AIM OF THE EXERCISE: Would you please return the data below verbatim, without its pictures?

RAW DATA:
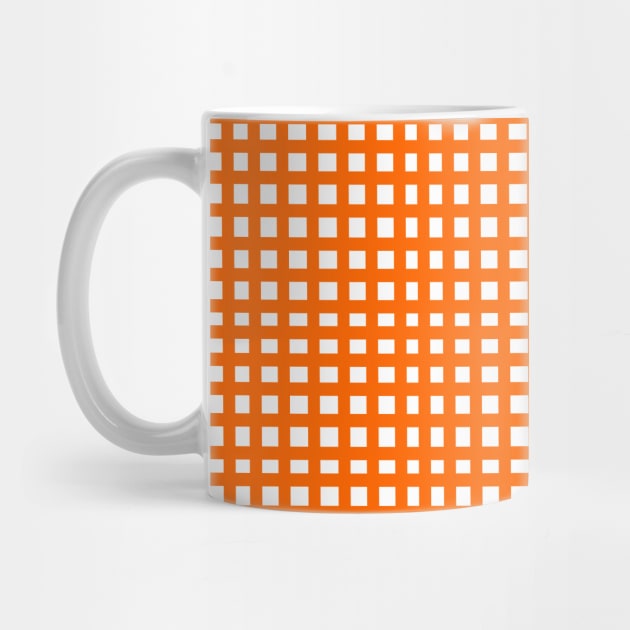 orange mesh grid square lines pattern by Baobabprintstore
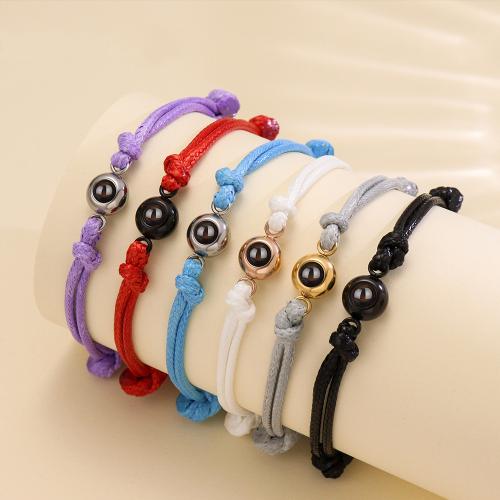 304 Stainless Steel Miniature Projection Bracelet, with Wax Cord, Round, plated, Unisex & adjustable Approx 6-10 Inch 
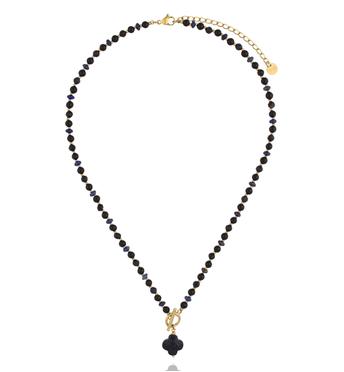 Naszyjnik z Nocy Kairu i czarnych kamieni z zawieszką koniczynki NPA1623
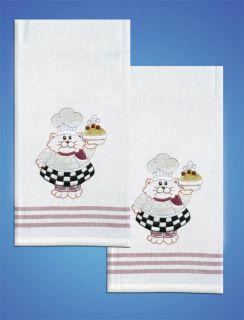  Embroidery Kit 18 x 28 Cat Chef Kitchen Towels Sale 212939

RESPONSE TO THE EXERCISE:
 orange mesh grid square lines pattern by Baobabprintstore
 304 Stainless Steel Miniature Projection Bracelet, with Wax Cord, Round, plated, Unisex & adjustable Approx 6-10 Inch 
 Naszyjnik z Nocy Kairu i czarnych kamieni z zawieszką koniczynki NPA1623
  Embroidery Kit 18 x 28 Cat Chef Kitchen Towels Sale 212939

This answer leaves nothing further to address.